- [Your goal] Each line of the material, from the first through the one containing "EMT Steel Raintight Compression Connector", is to be written out exactly.

- [Dataset]

★ ★ ★

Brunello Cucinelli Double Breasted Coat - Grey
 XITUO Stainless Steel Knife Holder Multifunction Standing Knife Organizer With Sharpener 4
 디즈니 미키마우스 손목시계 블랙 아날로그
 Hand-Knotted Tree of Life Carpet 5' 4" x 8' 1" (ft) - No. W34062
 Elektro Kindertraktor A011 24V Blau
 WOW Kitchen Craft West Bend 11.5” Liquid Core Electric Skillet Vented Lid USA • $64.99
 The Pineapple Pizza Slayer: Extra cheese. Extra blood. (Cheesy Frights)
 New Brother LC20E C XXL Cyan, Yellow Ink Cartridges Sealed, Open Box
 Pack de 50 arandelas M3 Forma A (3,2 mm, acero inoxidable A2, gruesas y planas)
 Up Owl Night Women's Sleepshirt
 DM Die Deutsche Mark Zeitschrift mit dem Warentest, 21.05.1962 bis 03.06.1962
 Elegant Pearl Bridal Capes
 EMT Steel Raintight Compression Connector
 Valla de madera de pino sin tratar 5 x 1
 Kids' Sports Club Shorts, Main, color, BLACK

★ ★ ★

- [Answer box]
Brunello Cucinelli Double Breasted Coat - Grey
 XITUO Stainless Steel Knife Holder Multifunction Standing Knife Organizer With Sharpener 4
 디즈니 미키마우스 손목시계 블랙 아날로그
 Hand-Knotted Tree of Life Carpet 5' 4" x 8' 1" (ft) - No. W34062
 Elektro Kindertraktor A011 24V Blau
 WOW Kitchen Craft West Bend 11.5” Liquid Core Electric Skillet Vented Lid USA • $64.99
 The Pineapple Pizza Slayer: Extra cheese. Extra blood. (Cheesy Frights)
 New Brother LC20E C XXL Cyan, Yellow Ink Cartridges Sealed, Open Box
 Pack de 50 arandelas M3 Forma A (3,2 mm, acero inoxidable A2, gruesas y planas)
 Up Owl Night Women's Sleepshirt
 DM Die Deutsche Mark Zeitschrift mit dem Warentest, 21.05.1962 bis 03.06.1962
 Elegant Pearl Bridal Capes
 EMT Steel Raintight Compression Connector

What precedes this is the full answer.